This article will walk you through the factors that can impact query performance in Looker. Because query performance is strongly tied to the underlying database, the following options will require the assistance of the personnel who set up the database system.
Declaring Indexes
Many queries will greatly benefit from the addition of proper indexes. You can look at the indexes of each table directly in Looker from our SQL runner page by clicking on the gear icon on the tables, then selecting Show Indexes :
The most common columns that can benefit from an index are: important dates and foreign keys. Adding indexes to these columns will increase performance for almost all queries. This also applies for Persistent Derived Tables. LookML has parameters that let you define indexes, sort keys, and distribution keys as appropriate.
Database Engine Configuration
Some databases allow different underlying database engines. For example, MySQL uses InnoDB and MyISAM as the default engine. InnoDB is also optimized for operational applications that require high-frequency transactions.

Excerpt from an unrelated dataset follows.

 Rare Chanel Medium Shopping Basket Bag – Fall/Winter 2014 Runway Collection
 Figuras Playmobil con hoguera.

For analysis, we don't really need to worry about this feature set up, and are OK with table locking, as long as our queries run faster. For this reason, MyISAM is often a faster engine for MySQL analytics. Updates will occur when no queries are being run.
Database Specs and Resource Allocation
Some databases do not have sufficient hardware (or in AWS, the necessary provisioned resources) to deal with the size of the datasets. We recommend that you increase memory, cores, and I/O, (input/output) which will also increase performance of the queries.
Query Optimization
There are many opportunities to fine-tune your LookML model, to produce the same results, but at a lower cost to the database. Here are a few of the common patterns that have greatly improved performance for our customers:
- Using
EXPLAIN
for benchmarking - Convert correlated subqueries for dimensions and joins into derived tables
- Utilizing persistence
Using EXPLAIN for Benchmarking
Looker queries can all be represented in generated (raw) SQL, which is shown in the Explore page. We can use this generated SQL to detect where performance is lacking. All queries can be accessed via the SQL tab in the Explore UI.

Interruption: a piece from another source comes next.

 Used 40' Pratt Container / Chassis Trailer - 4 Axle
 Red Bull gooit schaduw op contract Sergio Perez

The SQL Runner lets developers run an EXPLAIN
against the query to detect components that can be optimized. Learn more with our introduction to EXPLAIN.

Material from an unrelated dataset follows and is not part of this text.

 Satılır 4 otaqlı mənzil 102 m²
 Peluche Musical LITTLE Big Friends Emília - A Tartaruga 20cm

Convert Correlated Subqueries for Dimensions and Joins Into Derived Tables
Whenever there is a sub-select in a dimension or a join, there is an opportunity to optimize queries. It is faster to create a derived table and join it in to the Explore you are working on, to produce the calculated results. It also lets persistence be applied, for even greater performance boosts (see the next section).
Utilizing Persistence
Looker has many options for queries to return faster, through caching, persistence, and datagroups. This is perfect for use cases that do not require up-to-the-second real-time data and can afford some stale reports. This can greatly increase performance of the queries that are run frequently every day by everyone.